The comments were made at last week’s NAB-sponsored TV2020 conference in New York, and during ‘The Future of Television’ panel session by Matthew Goldman, SVP/Technology & Compression at Ericsson. Goldman, long an enthusiast for Ultra-HD and greater viewing clarity extolled the benefits of Wider Color Gamut, Higher Frame Rates and 10-bit minimum image sampling. “The combination of all of these together is what gives you that wow factor,” he said.
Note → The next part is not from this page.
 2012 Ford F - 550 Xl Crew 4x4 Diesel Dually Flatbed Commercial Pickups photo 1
The conference had already heard that the ATSC 3.0 standard would be in place by the end of this year, and that some nations (such as South Korea) were already committed to adopting ATSC 3.0 next year, and to be in place in time for the 2018 Winter Olympics.
John Taylor, VP/public affairs, LG Electronics USA, said that ATSC 3.0 chipsets would be available in South Korea within weeks. “Chips and receivers for ATSC 3.0 are coming and they’re coming fast,” Taylor said. “When ATSC Next Gen TV is launched in the United States, consumers will have a wide range of opportunities in consumer electronics to be able to see these signals,” he added.
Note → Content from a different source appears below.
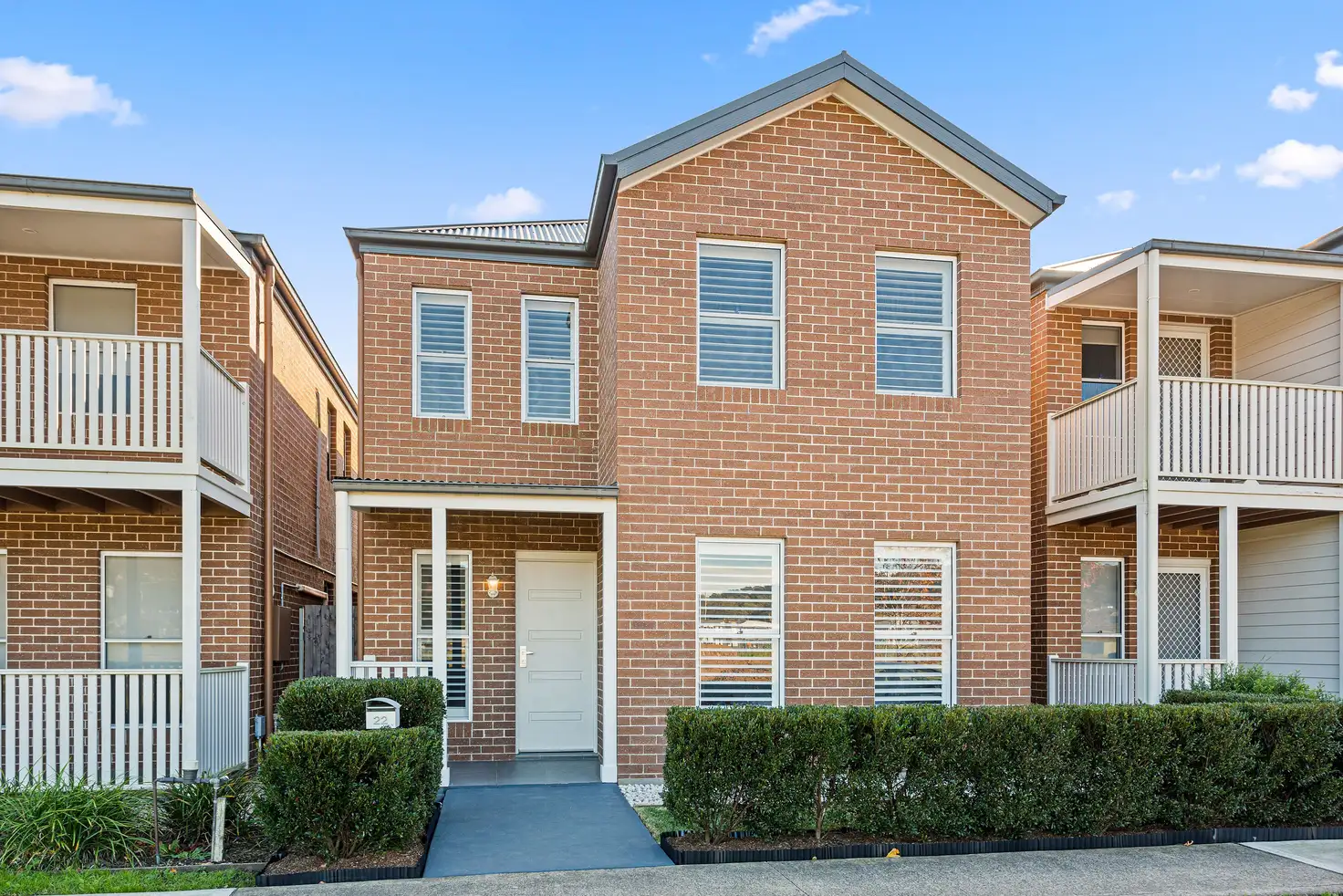 Main view of Homely house listing, 22 Wongawilli Street, Tullimbar NSW 2527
Demo broadcasts have already taken place. The first live ATSC 3.0 broadcast of a major pro sporting event – Major League Baseball’s 2016 World Series – was a home run in October. Using the newly-standardised A/322 Physical Layer ATSC 3.0 Standard, Channel 31 in Cleveland transmitted simulcast network and local programming from Fox8 as the American League’s Cleveland Indians hosted the National League’s Chicago Cubs.
“ATSC 3.0 standards are nearing completion, and over the coming months in conjunction with partners, we expect to test real-world Next Gen TV applications – like UHD TV, interactive services, targeted advertising, advanced emergency alerting, and more,” said Sam Matheny, NAB/EVP and CTO, who called the Cleveland test station “a platform for demonstrating the Big League capabilities of the ATSC 3.0 suite of standards”.